Last year the Georgia Supreme Court dismissed an appeal regarding an injured worker who had unilaterally changed her authorized treating physician without giving notice to her employer (See: Zheng v. New Grand Buffet Inc.). Ms. Zheng was injured on March 27, 2010 and began to receive medical care and income benefits. First, Zheng saw a non-panel physician for treatment on August 3, 2010, while simultaneously seeing an approved doctor until August 24, 2010. She continued to see the non-panel physician even as of her hearing on March 30, 2011. On October 1, 2010 her employer suspended benefits, which later an Administrative Law Judge (ALJ) held to have been proper. But then several days later Zheng’s benefits were reinstated because the employer did not establish that Zheng had undergone a change in condition for the better that allowed her to return to work without restrictions.
At the hearing before the ALJ, Ms. Zheng stated that she had neither been presented with an approved panel of physicians nor seen one posted. This was in direct contrast with the employer (of course) who said that they had both presented the panel, and had also posted it. The ALJ determined that it had been presented correctly. This was of huge factual significance for the case at hand, but it also serves to underscore the importance of following proper procedure when it comes to posting panels.

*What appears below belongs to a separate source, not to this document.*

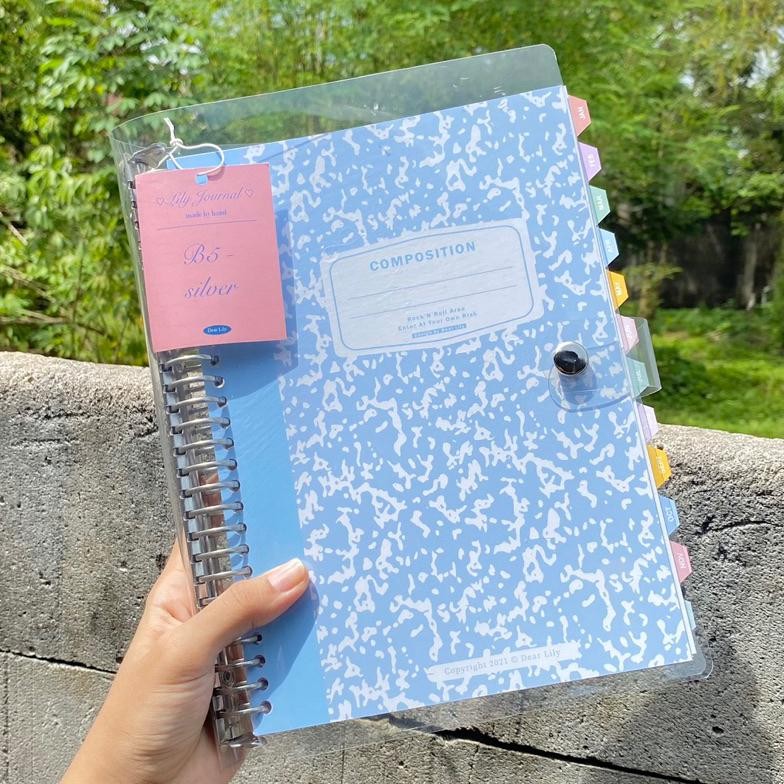 

DESPO DEAR LILY PAKET BINDER + COVER + DIVIDER + PLANNER TRANSPARENT CLEAR BINDER AESTHETIC KOREAN BUJO / BINDER AESTETIK BENING / BINDER RING 6 LUBANG / BINDER SATU SET LOOSE LEAF MOTIF GRID DOT GARIS POLOS SIZE A5 / BINDER KAMPUS SEKOLAH / JURNAL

The Court of Appeals in this case noted that, “‘if the employer fails to provide any of the procedures for selection of physicians as set forth in subsection (c) [of OCGA § 34-9-201], an employee may select any physician to render service at the expense of the employer.’ OCGA § 34-9-201 (f). Further, if an employer terminates the employee’s medical benefits, the employee is entitled to see any doctor she chooses and make the employer pay for it if she can prove she was still injured at that time as a result of the accident. Boaz v. K-Mart Corp., 254 Ga. 707, 710 (1) (334 SE2d 167) (1985).”
So again, make sure you have your posted panel placed correctly in your place of business. The Court of Appeals found that because Ms. Zheng had visited her approved treating physician two times after meeting with her non-panel physician, she should have sought Board approval prior to making her unilateral change to a non-panel listed physician. Had the ALJ found that the panel had not been properly posted, this case would likely have not gone forward and thus the employer would have lost control of the medical treatment, thereby increasing their exposure significantly. Finally, Georgia Supreme Court ultimately dismissed this case due to a lack of jurisdiction, and as such this determination now stands.